Content starts
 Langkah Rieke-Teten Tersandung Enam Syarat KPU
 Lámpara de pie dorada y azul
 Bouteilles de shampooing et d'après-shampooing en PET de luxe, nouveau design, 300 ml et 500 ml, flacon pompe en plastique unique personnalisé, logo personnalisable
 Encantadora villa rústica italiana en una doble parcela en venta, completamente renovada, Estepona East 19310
Content ends
Requirement: Retype the whole listing above exactly as it appears.

Response area:
 Langkah Rieke-Teten Tersandung Enam Syarat KPU
 Lámpara de pie dorada y azul
 Bouteilles de shampooing et d'après-shampooing en PET de luxe, nouveau design, 300 ml et 500 ml, flacon pompe en plastique unique personnalisé, logo personnalisable
 Encantadora villa rústica italiana en una doble parcela en venta, completamente renovada, Estepona East 19310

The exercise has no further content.